Task description: The expected answer is the complete listing, reproduced character for character.

Data block:

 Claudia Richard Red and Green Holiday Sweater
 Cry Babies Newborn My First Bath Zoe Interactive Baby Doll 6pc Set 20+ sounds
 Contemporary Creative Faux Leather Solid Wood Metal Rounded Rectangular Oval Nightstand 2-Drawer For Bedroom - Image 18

Exercise answer:
 Claudia Richard Red and Green Holiday Sweater
 Cry Babies Newborn My First Bath Zoe Interactive Baby Doll 6pc Set 20+ sounds
 Contemporary Creative Faux Leather Solid Wood Metal Rounded Rectangular Oval Nightstand 2-Drawer For Bedroom - Image 18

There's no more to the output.